Our book, A Flea the Size of Paris (Black Widow Press, 2020), comprises the very first English-language translations of a unique corpus of absurdist poems from medieval France, the fatrasies and fatras. Describing these poems, it's best to avoid the term “nonsense,” given that word's sticky associations with snarks, jabberwockies and monty pythons. A better term was proposed in 1432 by the poet Baudet Harenc, to distinguish between two styles of fatras: the “possible” (realistic, rational, cogent) and the “impossible” (irreal, irrational, disjunctive). The fatrasies and fatras are indeed poems of the impossible, unfolding like the fevered hallucinations of a diligent, torturously overworked grammar student.
A fatrasie is a suite of eleven stanzas of eleven lines each. Within each stanza, 6 lines of 5 syllables are followed by 5 lines of 7 syllables. The first 6 lines are set in a see-saw, even nursery rhyme rhythm. The latter 5 lines break this cadence, so that line 7  functions as a volta, sounding an abrubt shift of rhythm and manner. It's as if the fatrasie stanza, as medievalist Giovanna Angeli has said, is a collage of two distinct stanza-forms.

A handsome headless man
laid on a great feast
for a hairy cunt
Just then a window
stuck out its noggin
& noticed the crack
Bad things were about to happen
when the dream of a donkey
brayed Hey Help Fire Fire
Everyone wants the altar
where we all got fucked to burn

Uns biaus hom sans teste
Menoit molt grant feste
Por .i. com velut
& une fenestre
A mis hors sa teste
Si vit le fendu
Ja fust grant max avenu
Qant li songes d’une beste
S’escria Hareu le fu
Trestout voloit ardoir l’aitre
Pour ce c’om i ot foutu

            A fatras is a one-stanza poem, modelled on the fatrasie. It uses the same rhyme scheme of aab aab babab, but it is monometric, set in lines of 7, 8, or 10 syllables. Distinctively, each fatras opens with a couplet written in a courtly, even clichéd register. (It was long assumed that these couplets were all borrowed from well-known poems or songs of the day, but few sources have been identified.) 9 newly written lines are then “stuffed” (fatras then meant “stuff” or “to stuff,” only coming to mean “mess” later) into the couplet, to make a poem of 11 lines + 2.

Gently she comforts me
the one who stole my heart
 

Gently she comforts me
a half-dead tabby cat
who sings every Thursday
a hallelujah so shrill
that the latch of our gate
says the tariff is his
& made a wolf so brave
he ran off despite his rank
to murder God in heaven
then said Friend I bring you
the one who stole my heart

 

Doucement me reconforte
Celle qui mon cuer a pris

Doucement me reconforte
Une chate a moitié morte
Qui chante touz les jeudis
Une alleluye si forte
Que li clichés de no porte
Dist que siens est li lendis
S’en fu uns leus si hardis
Qu’il ala maugré sa sorte
Tuer Dieu en Paradis
Et dist Compains je t’aporte
Celle qui mon cuer a pris

                      

Consistently, across the fatrasies and fatras, each line introduces a newly absurd frame-shift. Fatrasies, in particular, are built, line by line, of sharp contrasts, pragmatic impossibililties, and tight semantic contradictions. If there is an internal compositional rule, it is that the content of  each line should be a total (surreal) surprise, while the whole should be grammatically correct. Fatras make a little bit more sense than fatrasies, and have more narrative continuity - but not all that much. What the fatras have which the fatrasies lack, most of all, is the framing device of the initial couplet, which gives them, as Angeli has said, “a head and a tail.”
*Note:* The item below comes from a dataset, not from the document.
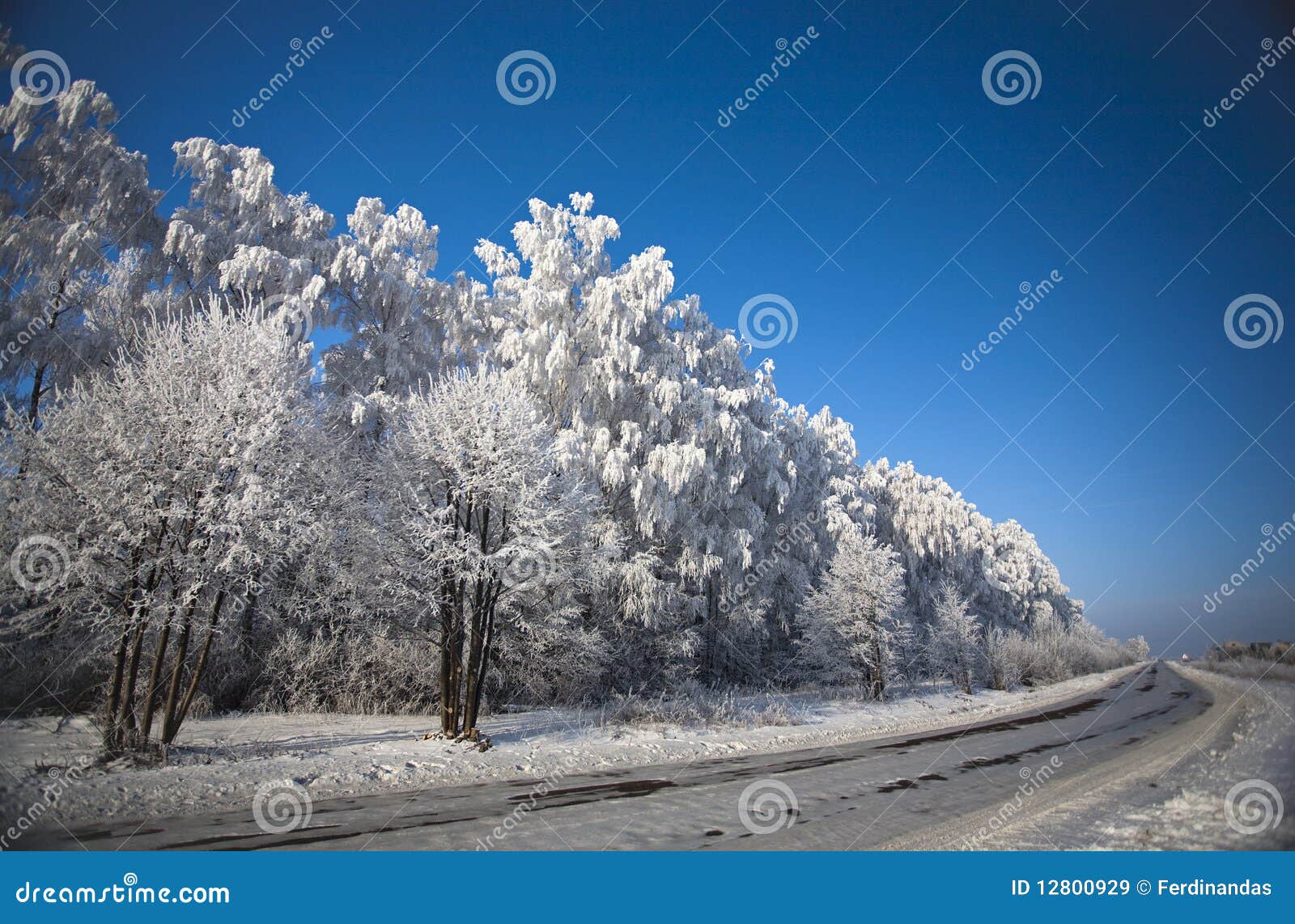 winter road with frosted trees and rime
The fatrasie, elder of the two forms, was invented by Philippe de Rémi (d. 1265) sometime around 1250, when Rémi was a knight at the court of Artois, in Arras. (Arras is about 100 miles north of Paris.) Rémi, a self-taught, amateur poet, and sire of Beaumanoir, wrote two major romances: La Manikine and Jehan et Blonde. Although Rémi is known for the economic and the psychological realism of his romances, the fatrasie wasn't the only impossible form he invented: he's also credited with a form called the resverie (reverie) or the oiseuse (birdsong, twittering). Rémi's original 11-stanza fatrasie was followed, sometime between 1280 and 1300, by a larger group, of 55 stanzas (5 x 11), composed by an anonymous collective of Arras poets.
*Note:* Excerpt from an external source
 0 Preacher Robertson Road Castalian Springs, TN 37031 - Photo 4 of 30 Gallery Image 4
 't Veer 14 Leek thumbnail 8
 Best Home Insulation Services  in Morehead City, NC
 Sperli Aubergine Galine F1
71 fatras survive in total. Among these, the 30 “impossible” fatras collected with the works of Watriquet de Couvin are, by far, the most important. Born in the Hainaut region of what is now Belgium, Watriquet (known by his first name) became a prominent poet at the court in Paris, and seems to have been a royal advisor. Active 1319-1330, Watriquet was among the first European poets to supervise editions of his own collected works, mostly made up of formally varied didactic poems known as dits. Given Watriquet's social standing, not to mention his acute moral snobbery, it's not only curious that he wrote the often scabrous fatras, but that he wrote them in collaboration with an otherwise unknown man named Raimmondin, believed to have been a jongleur (vagabond poet-performer).
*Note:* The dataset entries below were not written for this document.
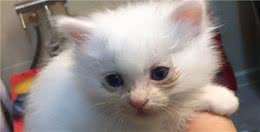 蓝金猫和蓝白猫是一个种族吗，有什么区别？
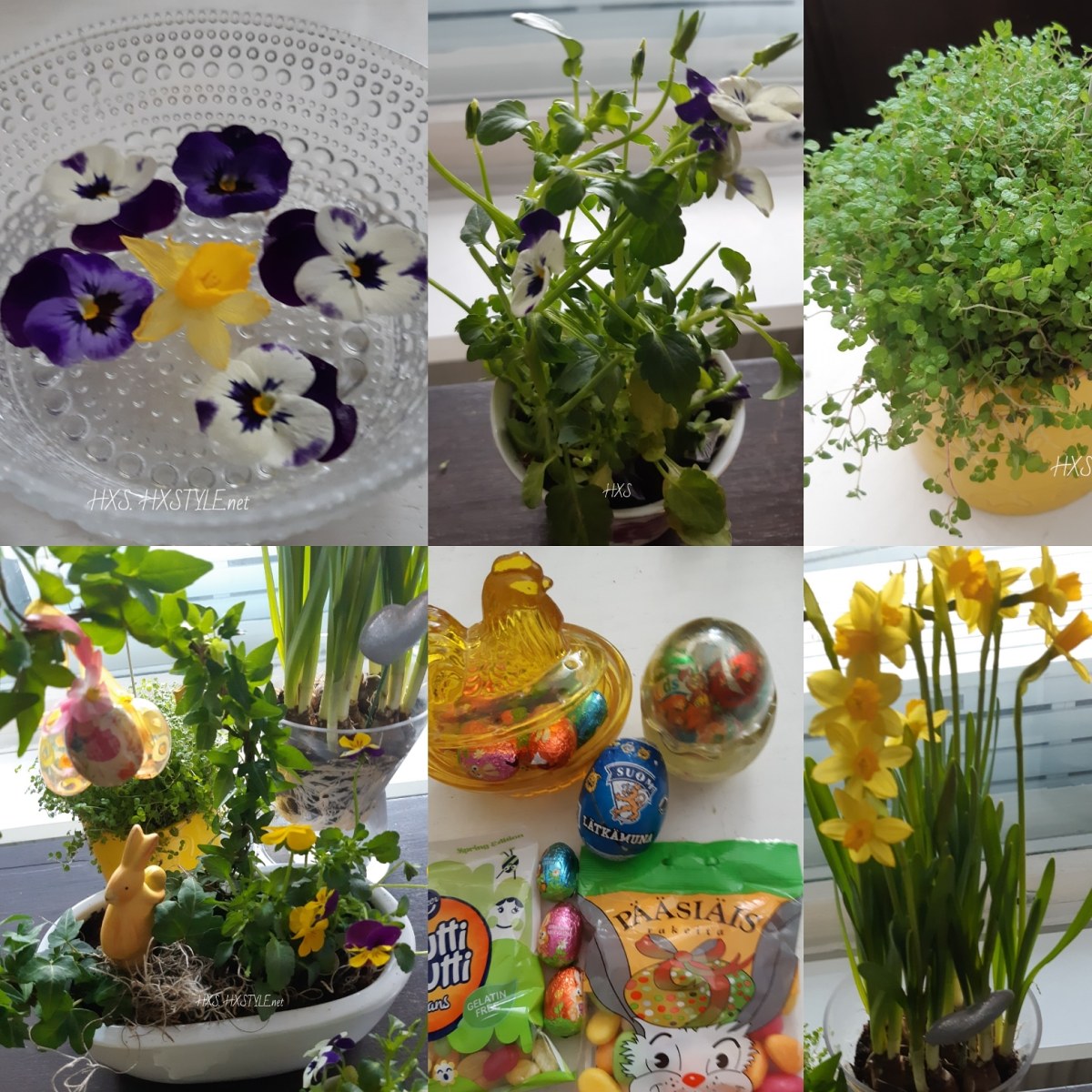 IMG_20190409_212922_124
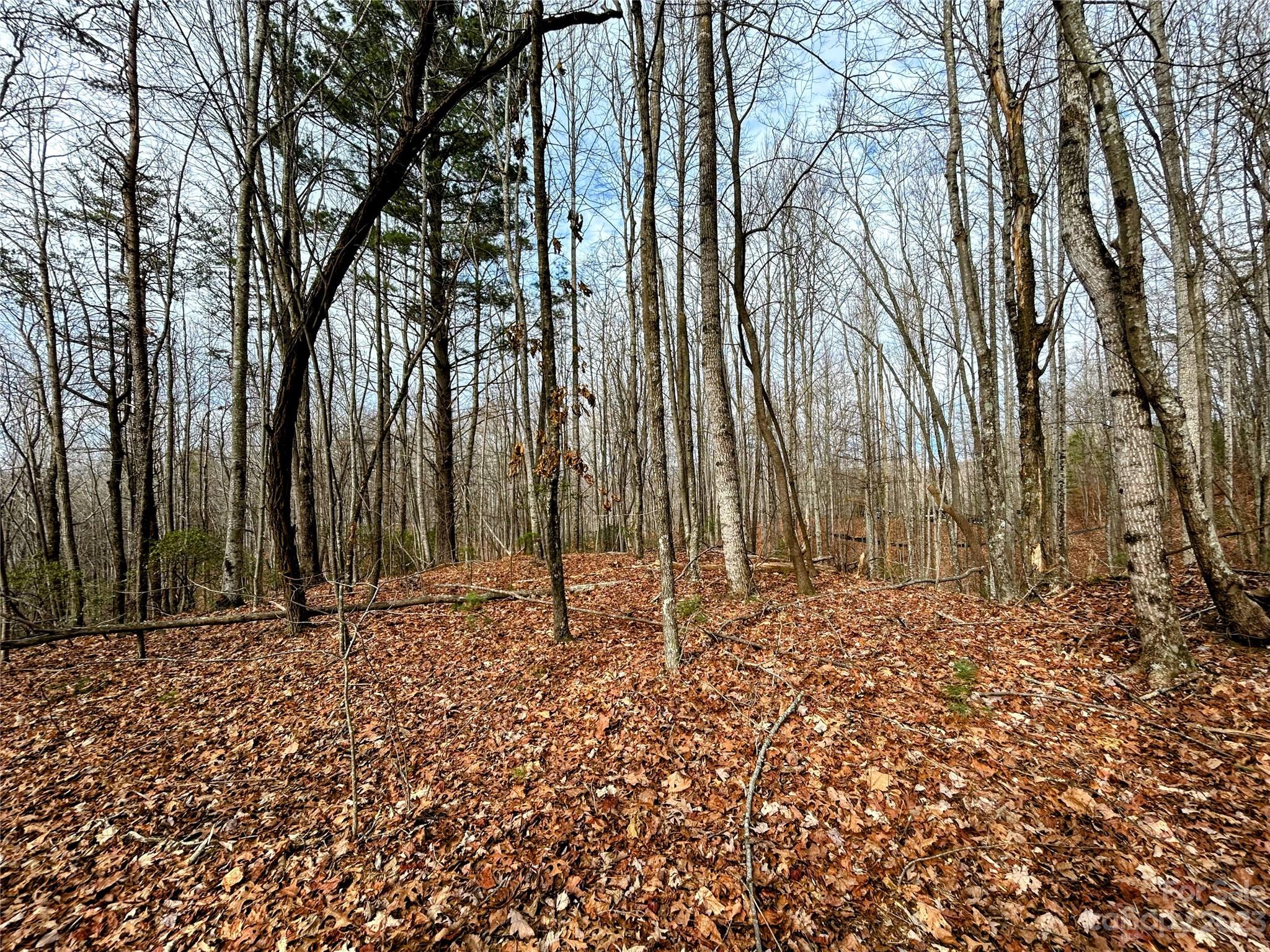 Little Warrior Mtn Estates - Land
Watriquet and Raimmondin performed their fatras for king Philippe VI, in Paris, on Easter Sunday of 1329 or 1330 - almost exactly 690 years ago. The performance was probably realised in a mix of song and chanted recitation. Given the content of the poems, the atmosphere may well have been loud, drunken, rowdy. Some later, unknown censor was offended enough by the fatras that their sole surviving copy bears the scars of aggressive redactions, while a distinct second set of Watriquet's fatras appears to have been torn out (of a different manuscript) and completely destroyed. Note the date of the Watriquet-Raimmondin performance: 13 or 14 years later, in 1343, fleabitten rats would carry the first wave of the Black Death to Europe. The cultural mood which produced the extravagantly perverse, hilarious fatras would soon be extinguished.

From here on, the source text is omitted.